Could it be that the photo of October 10 is intended to subtly make it clear that the Korean people do not care about the course of the all-powerful leader Kim Jong-un? That the unmistakable course set by the statue group of revolutionary soldiers and civilians is responded to by the people with an opposite movement? You to the right? We’re going to the left! Unfortunately, my cheerful suspicion was quickly dashed when I saw the other images coming out of North Korea this week, from probably the same anonymous photographer. There was not a trace of irony or veiled symbolism.

About the author

Arno Haijtema is editor of de Volkskrant and writes, among other things, about television and photography and the way in which news photos determine our worldview.

The photo was provided on Wednesday by the Korean Central News Agency (KCNA), the state agency not known for its frivolous handling of events deemed newsworthy. The celebration of the 78th anniversary of the Workers’ Party of Korea on October 10 was such an event, although the outside world only became aware of it a day later, through a modest set of photos.

True to tradition, on that date the people in the capital Pyongyang flock en masse to Mansu Hill, which, after the mausoleum for Kim Il-sung and Kim Jong-il, is one of the holiest sites of the Korean dictatorship. The Koreans in the photo, sometimes with a bouquet in hand, pay tribute to Kim Jong-un’s ancestors. They rush to the pedestal with their image, on the left outside the frame.

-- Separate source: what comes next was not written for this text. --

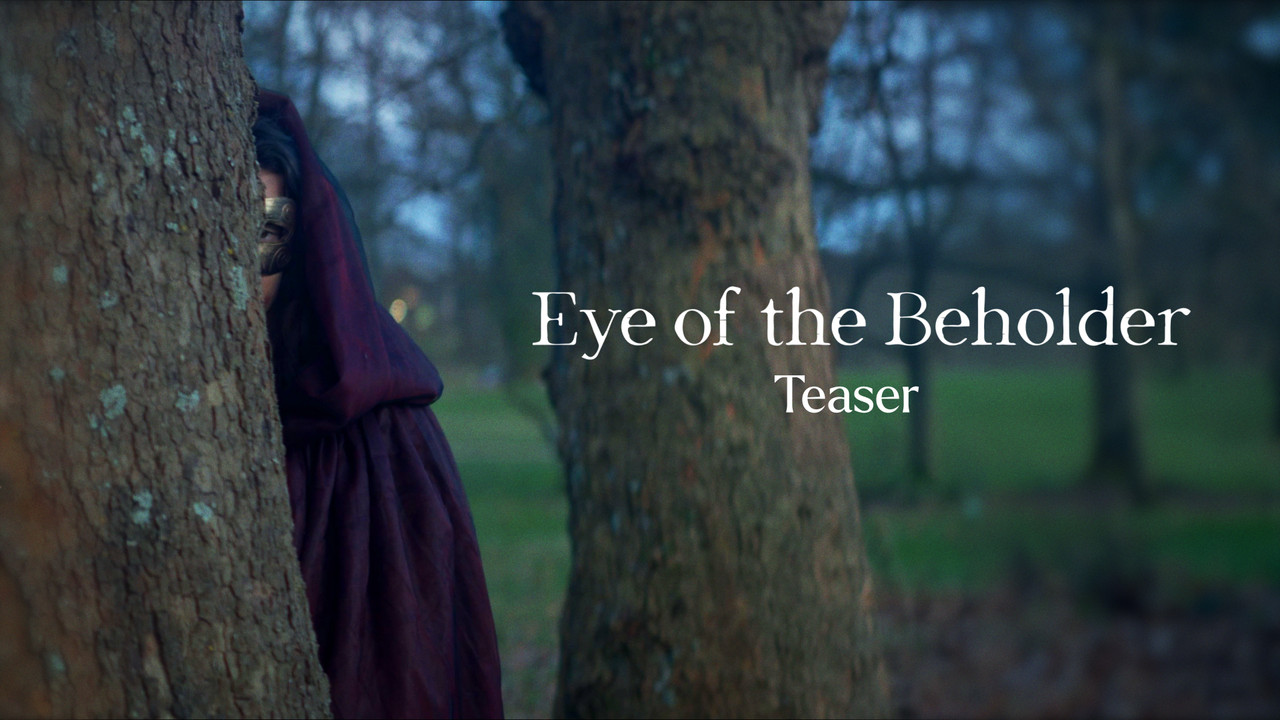 Eye of the Beholder - 剧照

The Dutch photographer Eddo Hartmann knows the place well. In 2017 he spent a long time in the usually closed country for his book Setting the Stage / North Korea would become. He shows cracks in the facade of proletarian discipline and socialist prosperity that the country wants to present to the outside world and he would certainly recognize recalcitrance from his Korean colleague. He doesn’t discover it.

“People are heading to the statues of the Kims, which are impressively tall at 22 meters,” he says. Young people are in school uniform, the men in their smart suits, many women in suits, sometimes in pumps – everything to express their respect for the Kim dynasty. Little has changed about the annual ceremony since his visit in 2017, Hartmann said. At most, there are slightly more mobile phones to be seen than at the time – telephones with which the owners can only make calls in their own country.

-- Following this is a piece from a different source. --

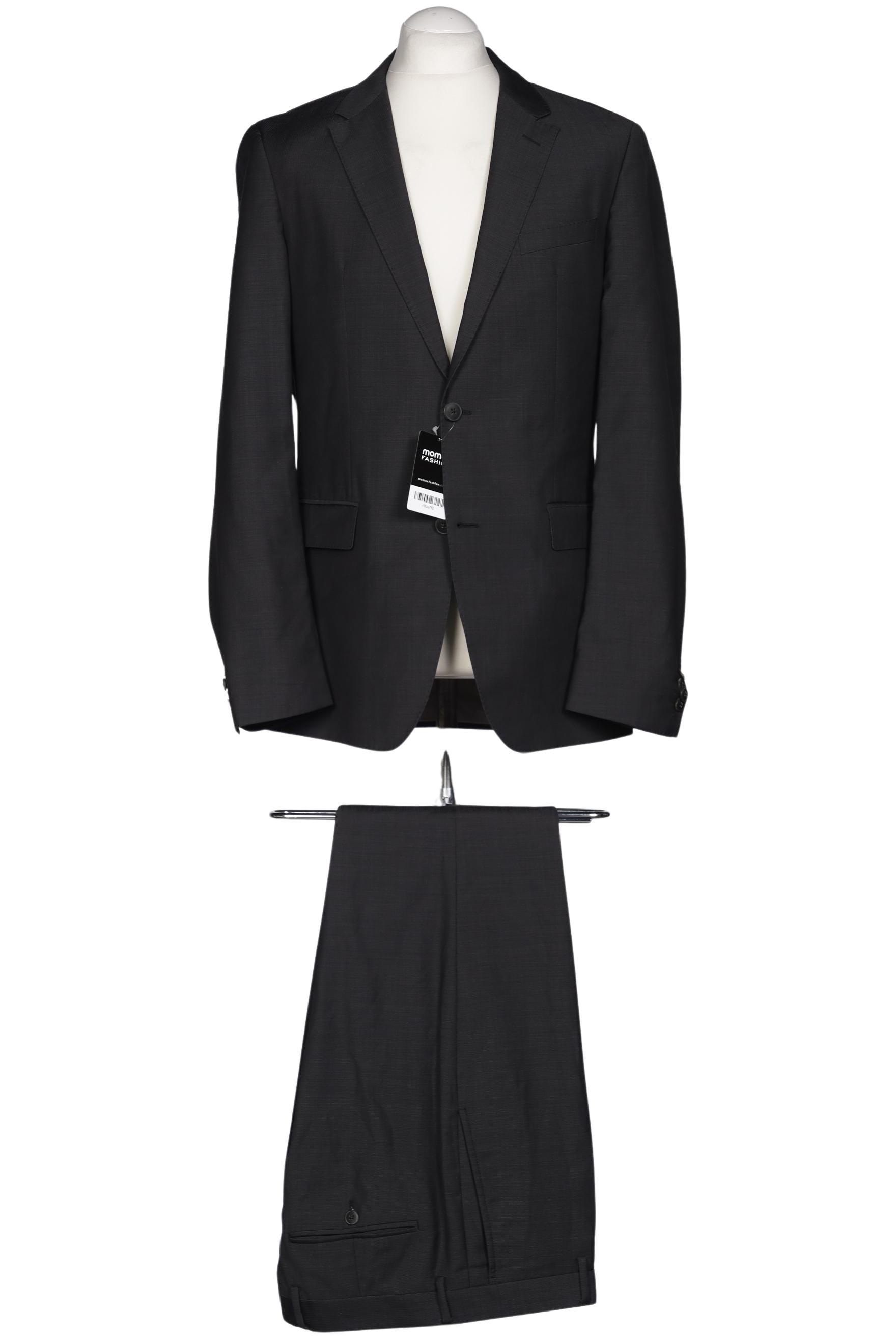 

Tommy Hilfiger Tailored Herren Anzug, grau, Gr. 98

According to Hartmann, the bronze statues of the Kims have undergone changes over the years. Initially, they both wore long, flowing coats that reached their knees. But because they were difficult to distinguish from each other – they looked like twins – son Kim Jong-il was fitted with a parka nine months after the unveiling of his statue in 2012. The statue of father Kim Il-sung from 1972 had previously been stripped of gold leaf. This happened after Chinese leader Deng Xiaoping objected during a visit to what he saw as a waste of the finances with which his People’s Republic supported North Korea.

In 2017, as is expected of every foreign visitor, Hartmann visited the mausoleum of the two Kims. ‘You’re actually not allowed to go in there without a tie. Rollers lead you upstairs to the place where their embalmed bodies are laid out. At the bottom you buy a bunch of plastic flowers, which you hand over at the top. So that it can be sold again in the shop downstairs.’ Hartmann never saw fresh bunches of flowers in North Korea, they were always made of plastic.

It immediately made me doubt the beauty of flowers on the steps of Mansu Hill. Would that also be fake? The supplied file is too small to study details when zooming in. In any case, the bouquets give the festivities a colorful character. That is why the photographer placed them so prominently in the picture. In this way he shares the joy of his people with the world.